Yes, you say he is 'still' waking every one and half to two hours, but 16 weeks is classic growth/ developmental spurt territory, so i would wait at least a couple of weeks before attempting to do anything different, although feeding him more frequently during the day may help and that's something you can begin now. If he was a big baby, he clearly needs more feeds to fill him up and keep him going.

Octaviapink · 28/03/2011 12:49

I agree completely - both DD (now 2) and DS (now 18 weeks) did this at 14-16 weeks. In fact DS was feeding every 40 minutes around the clock for a few days. That was quite tiring. (!) But now he's 18 weeks and there's been a step change - he's going for about 2.5 hours/ 3 hours overnight now, so don't try and force the issue - it will get better!

zayla · 28/03/2011 14:36

We were in a similar situation recently ourselves with our 18wo and had a lot of luck with my husband trying to resettle him after wakings rather than automatically feeding him back to sleep, especially if it had only been an hour or two since the last feed. I made sure I fed DS more during the day to compensate. In the last 3 weeks, we've gradually improved from a 1-2 hour longest stretch to 5-6 hour longest stretch on four of the days in the last week and 3-4 hours on the other days. Bit hard on DH as he works but has been worth it.

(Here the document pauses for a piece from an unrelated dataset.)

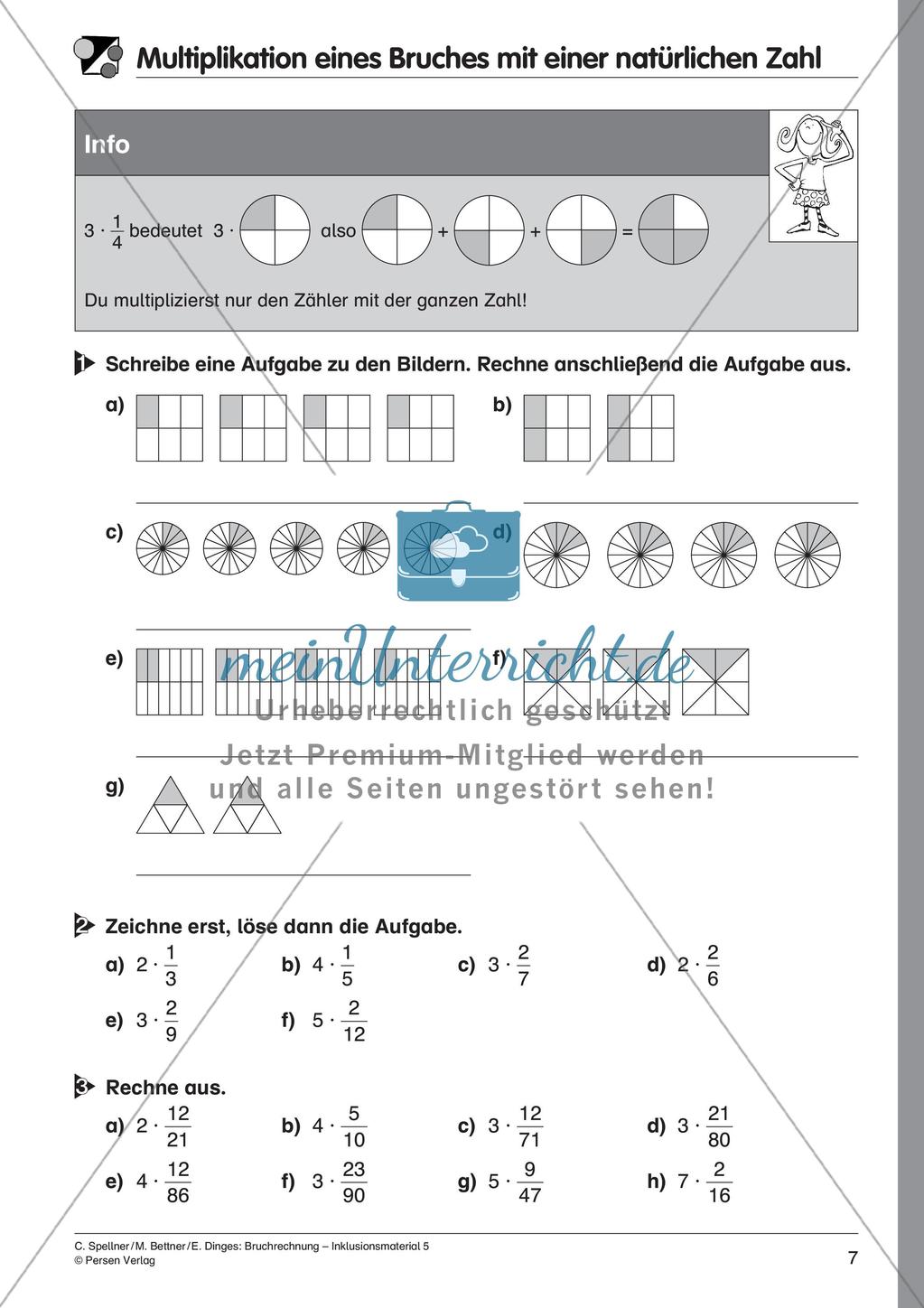 Bruchrechnung: Multiplikation und Division Preview 9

We do give a late evening bottle of formula, but think it's probably the bottle rather than being formula that helps there - I'm sure EBM would have the same effect - I just found expressing too exhausting.

zayla · 28/03/2011 14:40

Oh, and just to say, I'm pretty sure it wasn't the 4 month sleep regression in our case as had been going on for two months! There's always some reason why your baby shouldn't be sleeping well... I remember being told it was a growth spurt every time I mentioned his wakings to HVs over that two month period, who also refused to believe that DS wasn't just hungry even though he was waking an hour after a 6oz bottle.